- Work order: Return the lines of the listing below exactly as they appear, beginning at the one with "Cityscape with illuminated" and stopping after the one with "Shoppers in a"; do not include pictures.

- Working data:

* * * *

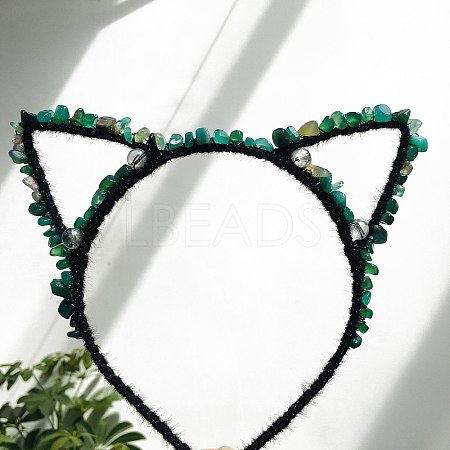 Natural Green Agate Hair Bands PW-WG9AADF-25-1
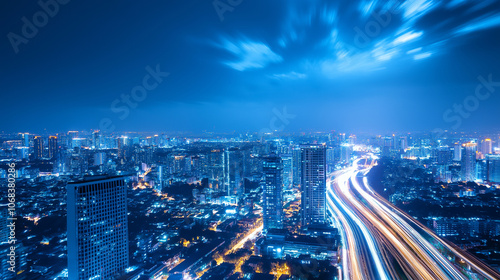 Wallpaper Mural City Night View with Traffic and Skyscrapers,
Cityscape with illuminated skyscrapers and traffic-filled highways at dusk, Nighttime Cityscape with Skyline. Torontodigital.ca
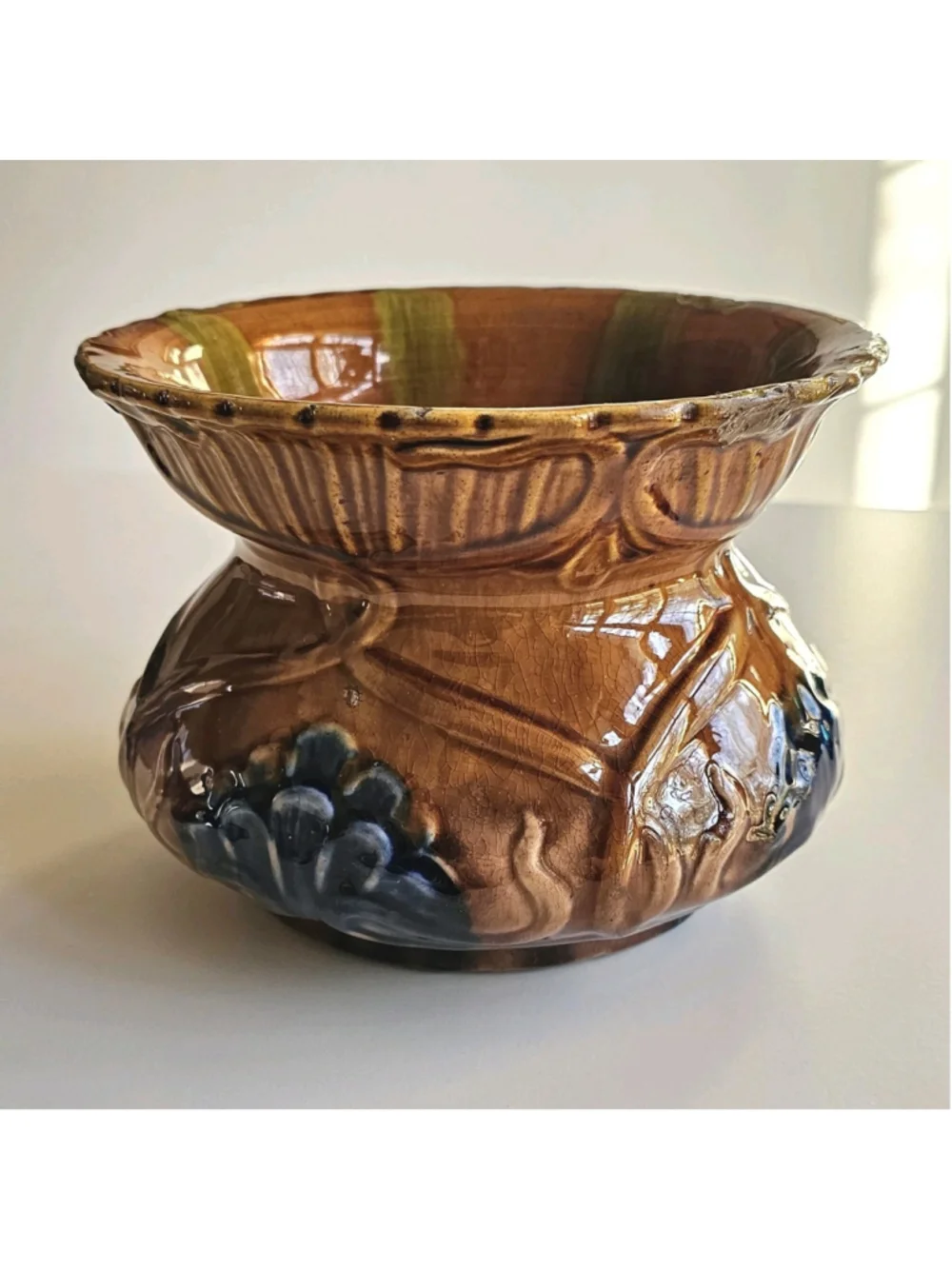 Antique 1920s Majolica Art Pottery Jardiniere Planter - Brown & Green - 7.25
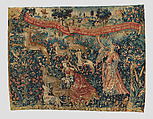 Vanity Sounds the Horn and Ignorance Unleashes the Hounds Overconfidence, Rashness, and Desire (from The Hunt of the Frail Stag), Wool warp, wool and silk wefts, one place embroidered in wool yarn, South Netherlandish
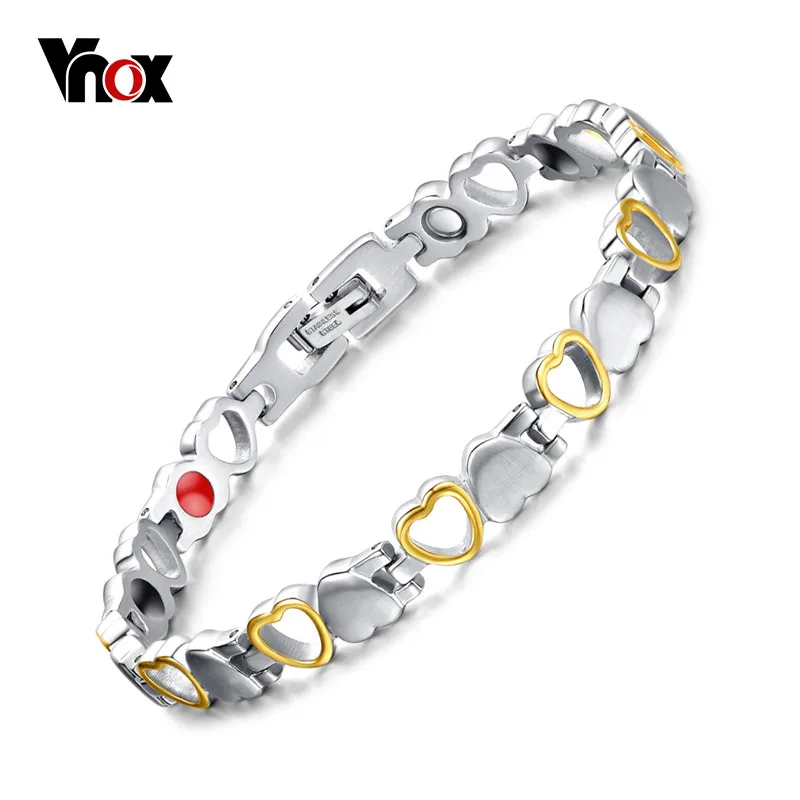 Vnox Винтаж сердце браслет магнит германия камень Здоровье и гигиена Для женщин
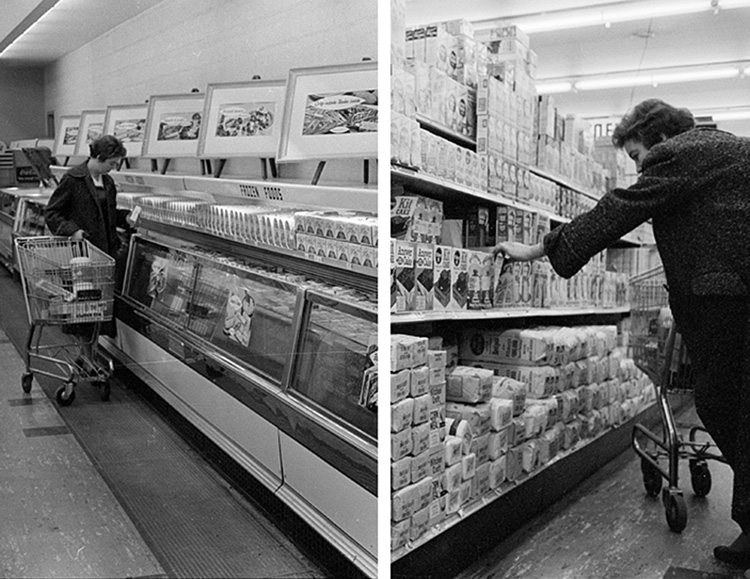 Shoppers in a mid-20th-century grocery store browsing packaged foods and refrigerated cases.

* * * *

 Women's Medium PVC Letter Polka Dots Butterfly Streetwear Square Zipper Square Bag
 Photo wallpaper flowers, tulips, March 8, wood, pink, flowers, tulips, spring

* * * *

- Output of the exercise:
Cityscape with illuminated skyscrapers and traffic-filled highways at dusk, Nighttime Cityscape with Skyline. Torontodigital.ca
 Antique 1920s Majolica Art Pottery Jardiniere Planter - Brown & Green - 7.25
 Vanity Sounds the Horn and Ignorance Unleashes the Hounds Overconfidence, Rashness, and Desire (from The Hunt of the Frail Stag), Wool warp, wool and silk wefts, one place embroidered in wool yarn, South Netherlandish
 Vnox Винтаж сердце браслет магнит германия камень Здоровье и гигиена Для женщин
 Shoppers in a mid-20th-century grocery store browsing packaged foods and refrigerated cases.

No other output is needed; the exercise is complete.